The women in the article obviously have never met Shelton Johnson.
http://www.pbs.org/nationalparks/people/nps/johnson/
“And I can’t not think of the other kids, just like me in Detroit, Oakland, Watts, Anacostia today. How do I get them here? How do I let them know about the buffalo soldier history, to let them know that we, too, have a place here?”-Shelton Johnson
Shelton Johnson dreamed of mountains as a boy, living in inner city Detroit. He had never been to a mountain range in the United States and his only experiences with nature and wildlife came through television and movie screens.

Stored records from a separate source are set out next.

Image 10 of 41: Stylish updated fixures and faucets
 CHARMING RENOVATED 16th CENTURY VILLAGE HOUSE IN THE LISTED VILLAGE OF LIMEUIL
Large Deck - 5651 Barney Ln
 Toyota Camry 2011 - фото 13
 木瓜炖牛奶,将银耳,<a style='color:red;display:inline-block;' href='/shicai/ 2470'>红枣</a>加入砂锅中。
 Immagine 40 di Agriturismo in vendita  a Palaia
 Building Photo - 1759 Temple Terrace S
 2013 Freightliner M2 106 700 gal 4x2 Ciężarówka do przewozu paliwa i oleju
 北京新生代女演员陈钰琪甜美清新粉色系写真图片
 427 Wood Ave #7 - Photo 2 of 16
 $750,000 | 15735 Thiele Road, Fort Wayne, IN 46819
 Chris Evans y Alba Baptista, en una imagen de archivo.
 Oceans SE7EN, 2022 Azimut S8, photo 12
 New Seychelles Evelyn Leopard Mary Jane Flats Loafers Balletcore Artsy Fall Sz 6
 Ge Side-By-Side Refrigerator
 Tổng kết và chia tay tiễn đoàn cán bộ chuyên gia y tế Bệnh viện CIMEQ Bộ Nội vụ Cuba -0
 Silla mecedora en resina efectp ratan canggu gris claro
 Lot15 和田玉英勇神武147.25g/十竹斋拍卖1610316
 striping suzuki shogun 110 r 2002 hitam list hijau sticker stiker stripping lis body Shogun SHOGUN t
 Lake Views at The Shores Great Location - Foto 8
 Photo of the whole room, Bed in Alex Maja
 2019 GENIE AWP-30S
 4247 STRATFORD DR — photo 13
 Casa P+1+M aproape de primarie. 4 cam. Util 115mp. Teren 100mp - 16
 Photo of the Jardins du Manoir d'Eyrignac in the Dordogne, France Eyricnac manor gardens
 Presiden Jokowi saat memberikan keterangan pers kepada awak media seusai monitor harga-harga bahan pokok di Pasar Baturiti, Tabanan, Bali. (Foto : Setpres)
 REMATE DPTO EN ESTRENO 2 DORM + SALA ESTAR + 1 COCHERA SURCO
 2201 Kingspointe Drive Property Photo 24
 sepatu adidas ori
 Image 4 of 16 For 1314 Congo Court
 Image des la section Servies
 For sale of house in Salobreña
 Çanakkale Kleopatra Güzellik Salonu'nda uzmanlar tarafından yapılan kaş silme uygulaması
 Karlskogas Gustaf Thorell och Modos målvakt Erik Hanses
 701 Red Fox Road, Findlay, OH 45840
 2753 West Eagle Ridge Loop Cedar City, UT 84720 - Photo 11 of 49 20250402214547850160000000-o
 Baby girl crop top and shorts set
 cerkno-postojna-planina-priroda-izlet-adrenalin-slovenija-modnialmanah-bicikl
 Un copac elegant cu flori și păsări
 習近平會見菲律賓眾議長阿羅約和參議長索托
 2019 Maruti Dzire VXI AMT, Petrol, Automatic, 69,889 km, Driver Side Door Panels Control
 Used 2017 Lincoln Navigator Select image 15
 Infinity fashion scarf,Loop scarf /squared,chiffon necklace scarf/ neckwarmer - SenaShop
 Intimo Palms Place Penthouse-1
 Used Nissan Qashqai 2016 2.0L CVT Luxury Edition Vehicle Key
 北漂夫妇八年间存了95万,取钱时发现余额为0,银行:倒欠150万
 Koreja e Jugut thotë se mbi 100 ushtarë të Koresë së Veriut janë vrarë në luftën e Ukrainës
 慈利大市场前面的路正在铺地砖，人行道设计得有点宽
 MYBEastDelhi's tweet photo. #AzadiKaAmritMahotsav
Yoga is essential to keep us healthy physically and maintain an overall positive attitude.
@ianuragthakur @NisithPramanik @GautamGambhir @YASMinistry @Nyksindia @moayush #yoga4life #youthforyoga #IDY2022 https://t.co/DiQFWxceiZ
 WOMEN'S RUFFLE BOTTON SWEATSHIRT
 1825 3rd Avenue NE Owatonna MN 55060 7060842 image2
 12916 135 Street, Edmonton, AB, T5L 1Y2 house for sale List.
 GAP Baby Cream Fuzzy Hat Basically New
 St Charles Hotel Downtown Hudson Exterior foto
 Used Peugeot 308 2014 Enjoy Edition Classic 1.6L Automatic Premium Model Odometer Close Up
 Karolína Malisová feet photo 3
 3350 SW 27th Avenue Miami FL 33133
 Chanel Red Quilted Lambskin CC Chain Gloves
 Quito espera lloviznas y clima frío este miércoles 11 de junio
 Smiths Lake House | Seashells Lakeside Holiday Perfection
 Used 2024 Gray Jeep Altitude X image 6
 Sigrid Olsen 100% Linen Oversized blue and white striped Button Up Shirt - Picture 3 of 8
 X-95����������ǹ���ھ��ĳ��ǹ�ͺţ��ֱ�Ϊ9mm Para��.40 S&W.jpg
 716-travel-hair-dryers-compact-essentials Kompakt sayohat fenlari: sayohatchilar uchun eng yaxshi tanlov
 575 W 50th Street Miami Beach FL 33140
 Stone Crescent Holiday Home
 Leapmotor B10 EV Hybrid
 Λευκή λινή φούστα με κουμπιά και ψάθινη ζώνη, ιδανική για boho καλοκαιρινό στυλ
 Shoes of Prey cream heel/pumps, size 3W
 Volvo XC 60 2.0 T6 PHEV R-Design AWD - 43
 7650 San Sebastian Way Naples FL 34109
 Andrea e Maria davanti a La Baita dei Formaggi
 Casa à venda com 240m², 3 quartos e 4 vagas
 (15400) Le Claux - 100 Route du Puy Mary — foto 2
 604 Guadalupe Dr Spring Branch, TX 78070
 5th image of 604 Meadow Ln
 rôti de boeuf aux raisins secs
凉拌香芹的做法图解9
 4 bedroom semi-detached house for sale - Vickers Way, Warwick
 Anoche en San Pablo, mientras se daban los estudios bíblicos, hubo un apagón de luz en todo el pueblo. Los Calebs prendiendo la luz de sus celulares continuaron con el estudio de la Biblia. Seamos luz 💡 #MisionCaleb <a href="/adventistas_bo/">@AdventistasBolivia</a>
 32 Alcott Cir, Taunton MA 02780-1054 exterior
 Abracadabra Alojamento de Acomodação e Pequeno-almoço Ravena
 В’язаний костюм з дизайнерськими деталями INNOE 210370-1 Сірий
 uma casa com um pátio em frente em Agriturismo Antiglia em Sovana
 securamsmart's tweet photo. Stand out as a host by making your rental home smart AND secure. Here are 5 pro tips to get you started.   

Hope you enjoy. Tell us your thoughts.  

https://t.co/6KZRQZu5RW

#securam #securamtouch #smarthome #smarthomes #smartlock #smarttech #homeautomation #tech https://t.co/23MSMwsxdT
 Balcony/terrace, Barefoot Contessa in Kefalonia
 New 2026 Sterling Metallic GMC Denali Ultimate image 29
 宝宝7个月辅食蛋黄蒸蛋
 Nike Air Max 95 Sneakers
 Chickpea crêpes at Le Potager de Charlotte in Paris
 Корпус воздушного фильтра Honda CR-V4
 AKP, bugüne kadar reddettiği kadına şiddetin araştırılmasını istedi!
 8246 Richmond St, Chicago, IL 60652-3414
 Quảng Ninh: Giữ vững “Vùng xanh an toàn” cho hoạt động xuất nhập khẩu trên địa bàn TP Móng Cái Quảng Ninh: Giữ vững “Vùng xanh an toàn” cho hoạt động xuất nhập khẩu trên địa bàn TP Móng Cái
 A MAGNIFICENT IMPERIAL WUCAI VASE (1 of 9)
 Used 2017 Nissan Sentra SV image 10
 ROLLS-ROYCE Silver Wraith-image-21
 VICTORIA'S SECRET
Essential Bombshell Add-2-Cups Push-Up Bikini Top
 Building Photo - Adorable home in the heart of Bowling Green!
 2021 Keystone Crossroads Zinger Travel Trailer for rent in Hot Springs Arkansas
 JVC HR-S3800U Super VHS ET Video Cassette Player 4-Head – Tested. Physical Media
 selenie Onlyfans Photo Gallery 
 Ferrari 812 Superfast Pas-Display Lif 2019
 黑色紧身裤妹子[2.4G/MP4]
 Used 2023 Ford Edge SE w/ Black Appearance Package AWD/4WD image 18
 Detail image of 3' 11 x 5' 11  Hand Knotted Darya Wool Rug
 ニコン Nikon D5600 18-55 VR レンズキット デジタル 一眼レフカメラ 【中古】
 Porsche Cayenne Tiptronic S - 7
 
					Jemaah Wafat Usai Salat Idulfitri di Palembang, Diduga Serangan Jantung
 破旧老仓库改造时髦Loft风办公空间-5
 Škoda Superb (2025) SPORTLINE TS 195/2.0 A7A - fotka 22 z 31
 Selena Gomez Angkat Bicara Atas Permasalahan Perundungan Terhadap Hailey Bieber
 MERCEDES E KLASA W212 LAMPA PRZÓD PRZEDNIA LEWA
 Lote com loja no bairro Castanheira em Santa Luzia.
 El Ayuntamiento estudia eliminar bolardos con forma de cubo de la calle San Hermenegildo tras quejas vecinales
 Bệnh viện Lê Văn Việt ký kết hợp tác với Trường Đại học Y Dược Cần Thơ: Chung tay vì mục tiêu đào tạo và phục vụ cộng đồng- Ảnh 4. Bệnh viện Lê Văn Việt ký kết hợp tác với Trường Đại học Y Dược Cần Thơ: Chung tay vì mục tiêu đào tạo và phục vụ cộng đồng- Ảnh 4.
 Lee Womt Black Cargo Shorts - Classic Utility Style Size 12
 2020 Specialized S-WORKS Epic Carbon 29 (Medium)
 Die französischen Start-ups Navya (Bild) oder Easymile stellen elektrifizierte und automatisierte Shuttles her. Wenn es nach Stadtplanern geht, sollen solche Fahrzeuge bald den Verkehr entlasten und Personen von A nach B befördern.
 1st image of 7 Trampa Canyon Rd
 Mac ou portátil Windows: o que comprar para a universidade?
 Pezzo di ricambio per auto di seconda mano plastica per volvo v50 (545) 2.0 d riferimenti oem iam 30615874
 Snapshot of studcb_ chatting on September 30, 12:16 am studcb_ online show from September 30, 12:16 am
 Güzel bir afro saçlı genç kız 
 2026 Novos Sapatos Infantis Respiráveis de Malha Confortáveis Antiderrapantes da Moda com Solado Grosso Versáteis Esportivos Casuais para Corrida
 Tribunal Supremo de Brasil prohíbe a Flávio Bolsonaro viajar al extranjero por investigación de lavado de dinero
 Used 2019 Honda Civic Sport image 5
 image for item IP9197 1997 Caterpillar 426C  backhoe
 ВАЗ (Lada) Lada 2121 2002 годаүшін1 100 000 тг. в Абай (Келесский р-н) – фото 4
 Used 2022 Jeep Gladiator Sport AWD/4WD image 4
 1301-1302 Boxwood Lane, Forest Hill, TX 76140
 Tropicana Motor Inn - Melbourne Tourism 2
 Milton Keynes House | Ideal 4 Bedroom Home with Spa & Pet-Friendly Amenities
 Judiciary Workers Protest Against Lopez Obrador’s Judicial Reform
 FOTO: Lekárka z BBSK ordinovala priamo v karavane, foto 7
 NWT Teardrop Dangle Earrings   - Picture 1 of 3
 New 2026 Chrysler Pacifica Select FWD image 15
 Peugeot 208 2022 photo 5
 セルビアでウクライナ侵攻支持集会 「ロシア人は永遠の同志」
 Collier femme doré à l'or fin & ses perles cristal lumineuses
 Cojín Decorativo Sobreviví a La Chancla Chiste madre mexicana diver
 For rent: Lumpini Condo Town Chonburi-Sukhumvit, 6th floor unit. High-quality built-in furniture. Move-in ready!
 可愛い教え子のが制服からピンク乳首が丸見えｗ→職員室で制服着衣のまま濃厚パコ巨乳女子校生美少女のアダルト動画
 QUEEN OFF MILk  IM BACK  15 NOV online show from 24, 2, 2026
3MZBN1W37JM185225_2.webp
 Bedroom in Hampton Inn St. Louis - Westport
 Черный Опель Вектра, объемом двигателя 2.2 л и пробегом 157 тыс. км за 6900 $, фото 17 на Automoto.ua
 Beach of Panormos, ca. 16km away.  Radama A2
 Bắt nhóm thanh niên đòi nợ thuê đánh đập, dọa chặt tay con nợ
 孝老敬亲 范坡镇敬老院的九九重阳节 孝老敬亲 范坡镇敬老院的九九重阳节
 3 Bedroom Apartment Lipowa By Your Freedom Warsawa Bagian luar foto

Enrolled in an MFA program at the University of Michigan, Shelton applied to be a seasonal worker at Yellowstone, thinking the park would provide a quiet place to work on his writing. “I got off a bus in Gardiner, Montana,” Shelton remembers, “right outside the north entrance....And as I was stepping down onto the ground, there was a bison a 2,000-pound animal walking by. There was no one else around and the bison was just strolling by! I looked up at the driver and I said, ‘Does this happen all the time?’ And he looked at me and said, ‘All the time.’ And I said to myself, ‘I have arrived.’”
Shelton Johnson dressed as a Buffalo Soldier, Yosemite National Park
Shelton has been working in national parks ever since, spending time in Yellowstone, Great Basin, and as an interpreter at Fort Dupont Park in the Anacostia section of Washington, DC. There, he met students like himself and his friends who had grown up in Detroit tough inner-city black kids whose understanding of nature was about as distant as Mars. “That’s when I first made the resolution that I had to figure out how to connect these kids with nature, to get them to have a nature experience.”
Thank God you’re not running the National Parks. People go to Disney to see the man-made crap, so you pay to create the man-made crap, and for the employees to take care of you. The National Parks could be free. Their costs are “environmental management,” which are not benefits to the people who go there. The parks which draw a crowd (acadia, Yellowstone, Yosemite, Skyline Drive, etc.) easily cover costs; the fees pay for bullying people out of their land so unwanted parks can prevent mining (Grand Staircase, etc.).
There may be some benefit to preserving as national parks certain parks which don’t draw the crowds (Denali, etc.), but why should those costs be borne by the people who are already supporting other parks? That would have the perverse effect of reducing the demand for those parks.
Now, if you’re asking whether you could wring some extra profit by raising prices instead of turning people away because there’s no room, you’d have a case, if there truly was no room. But mostly, that happens because the park won’t allow increased accomodation, not because the parks are too full. But there’s certainly an argument for preserving the parks by not allowing over-development.
“Apparently, unless blacks are mentioned more by the guides, theres gonna be some kind of taxpayer revolt.”
The tour guide at Arlington National Cemetary gave the impression that no white person ever served in the US military.
“...And here is the grave of the first black soldier to fold his socks...”
I guess it would be too much trouble for them to crack a book open and do a little research. I mean with the internet it’s so much trouble to find out anything, we have to have a “guide” tell us what we could’ve found out on our own. This story smells of fabrication or collaboration.
Diversity is where nations go to die.